API integration patterns that survive real traffic: webhooks, retries, idempotency, rate limits, queues. Written for developers who have been burned at least once.

Key takeaways

  • Idempotency keys ship BEFORE retry logic. Always. The cost of forgetting once is duplicate charges, refund work, and lost trust.
  • Move any work over 2 seconds into a background queue + job-status endpoint. Synchronous HTTP dies at the platform timeout.
  • Use exponential backoff with jitter on retries. Lockstep retries from a thousand clients create thundering herds that take services down.
  • Always log the full (request, response, status) tuple to Postgres. Webhook providers WILL ship breaking changes silently.

Frequently asked questions about this category

What is the difference between a webhook and an API call?

A webhook is an inbound HTTP POST from a third party when an event happens (Stripe charge succeeded, Shopify order placed). An API call is an outbound HTTP request you make to read or change data. Most pipelines combine both: a webhook fires, your handler makes API calls to enrich and route.

How do I make a webhook handler idempotent?

Take the event ID from the payload (Stripe, GitHub, Shopify all include one), store it in a deduplication table or Redis SET with a 24–hour TTL, and short-circuit if you have already processed it.

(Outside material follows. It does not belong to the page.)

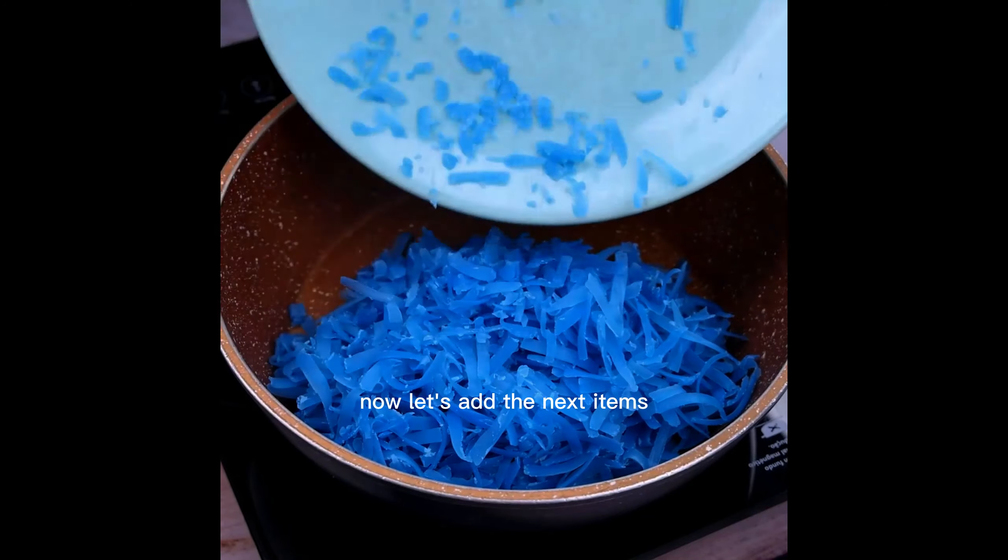Now let's add the next items that make this tip perfect for use. We will add 2 cups of water and also 150 ml of detergent, being one of the most essential items for this tip.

Without this, replays and retries double-charge or duplicate downstream work.

When should I use a queue (BullMQ, SQS, Inngest) vs direct processing?

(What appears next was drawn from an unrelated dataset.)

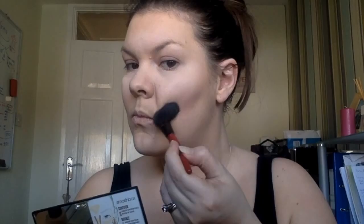Now I have this gorgeous new contour palette from Smashbox. It's got three shades: highlight, contour, and a bronze. I'm going to use the darkest shade which is the contour. It came with a really cute little angled brush, so it's perfect for contouring — it's really pigmented, so you only need a tiny tiny amount. I'm just going to pop that underneath my cheekbones to help define my face, and it just helps make your face look a little bit slimmer.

Direct processing for anything that completes in under 2 seconds and tolerates inline retries. A queue for anything past that: long-running LLM calls, PDF generation, third-party API chains. Queues isolate slowness and let you scale workers independently.

How do I rate-limit my own API without losing legitimate users?

Sliding-window in Redis (or Upstash Ratelimit), keyed by API key not IP, tiered by plan. Return HTTP 429 with a Retry-After header. Never silently drop requests — well-behaved clients can only back off if you tell them to.

What is the most common API integration mistake?

Trusting that the third party will never send a duplicate webhook. They will. Every webhook handler must be idempotent by event ID, or your first replay storm will create chaos in your database.